■ TO DO ■
With pictures left out, copy exactly every line from the one containing "Murieron cinco vacas en accidente rutero" through the end of the material.
Top of DATA TO USE
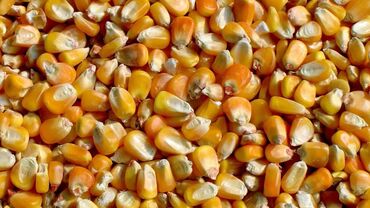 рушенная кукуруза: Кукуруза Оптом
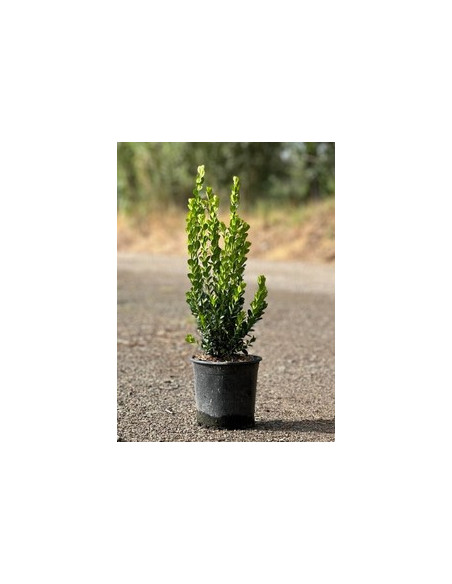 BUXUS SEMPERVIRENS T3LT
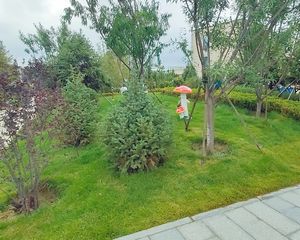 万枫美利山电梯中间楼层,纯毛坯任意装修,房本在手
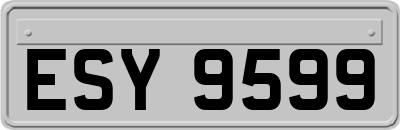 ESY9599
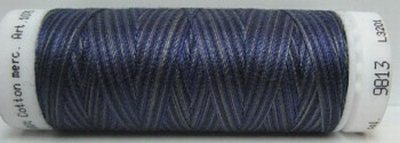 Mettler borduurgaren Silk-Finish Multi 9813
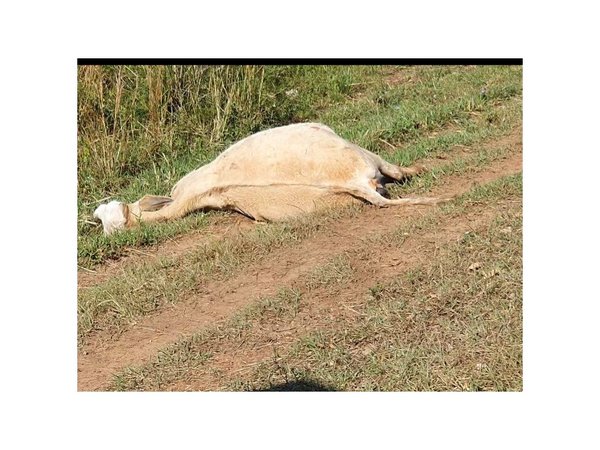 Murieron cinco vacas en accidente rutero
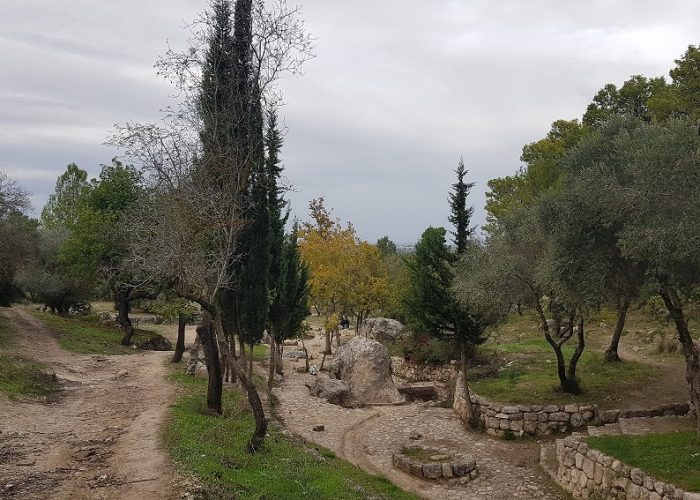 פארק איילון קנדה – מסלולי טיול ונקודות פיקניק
Bottom of DATA TO USE
■ WRITTEN RESPONSE ■
 Murieron cinco vacas en accidente rutero
 פארק איילון קנדה – מסלולי טיול ונקודות פיקניק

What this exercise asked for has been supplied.